C’est ainsi que M. Barrès réunit, comme leur noyau intelligible, au centre de ces beautés, le Conseil des Dix romantiques qui, après les rois exilés de Candide, ont promu Venise à son éminente dignité de mélancolie poétique. Chateaubriand, Gœthe, Byron, Musset, George Sand, Léopold Robert, Taine, Wagner. Les dix sont ici neuf, parce que la place du dixième est réservée, — M. Barrès sait et le lecteur voit à qui. Il semble d’abord que ce dixième manque : en réalité, M. Barrès n’a demandé aux neuf que des traits pour que chacun d’eux reçoive le visage du dernier, soit incorporé, comme les intercesseurs de l’Homme Libre, à son Église intérieure. M. Barrès figure les Dix de Venise en se plaçant entre deux glaces, en énumérant les visages qu’il s’aperçoit ; les Dix sont tous où il est, il peut taire sans fausse modestie le nom du dixième.

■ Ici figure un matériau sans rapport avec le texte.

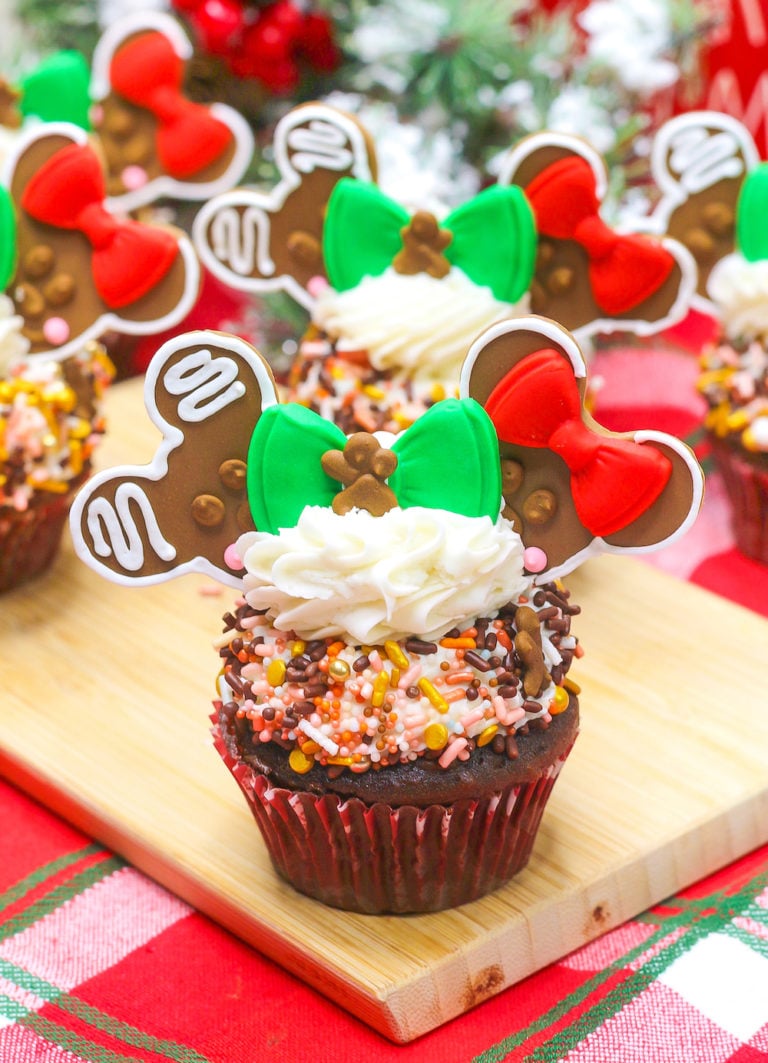 Make Some Gingerbread Minnie Mouse Cupcakes!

C’est Chateaubriand et Gœthe qui à Venise « cherchaient des formes pour incarner avec plus de noblesse une idée d’exil ».

Byron. C’est le méchant, l’amateur de souffrance, le néronien que tout romantique porte en lui. Ainsi, dans les sept Lorrains des Déracinés, où M. Barrès a extériorisé et poussé à leurs conséquences ses propres possibilités, il y a celui qui est amené à tuer, à lutter pour la vie selon l’instinct primitif, Racadot. Byron « a fait souffrir, torturé tout le monde autour de lui : il a aussi exprimé les plus nobles idées. C’était très naturel qu’il y fût sensible. Dans chacune de nos tourmentes françaises, n’avons-nous pas vu des personnages qui étaient, en même temps que des bandits, les êtres les plus accessibles aux grandes causes généreuses et capables de se faire tuer pour elles ? »

Musset, l’impaludé-type de Venise, et George Sand. George Sand qui dans les Dix s’oppose à Byron comme Saint-Phlin, parmi les Sept, est placé au pôle opposé à Racadot. « J’admire dans la romancière apaisée du Berry une racinée qui, des déracinements mêmes dont elle pâtit, sut faire sortir une démonstration très forte que l’acceptation d’une discipline est moins dure, au demeurant, que l’entière liberté. » Un des plaisirs que Venise ménage à M. Barrès, c’est que dans ce monde de pierres et de couleurs lui apparaît plus fine, plus attendrie et plus végétale l’image de la Lorraine. Il faut cette vie des lagunes, de reflets et d’eau pour projeter plus intense l’idée de racines terrestres.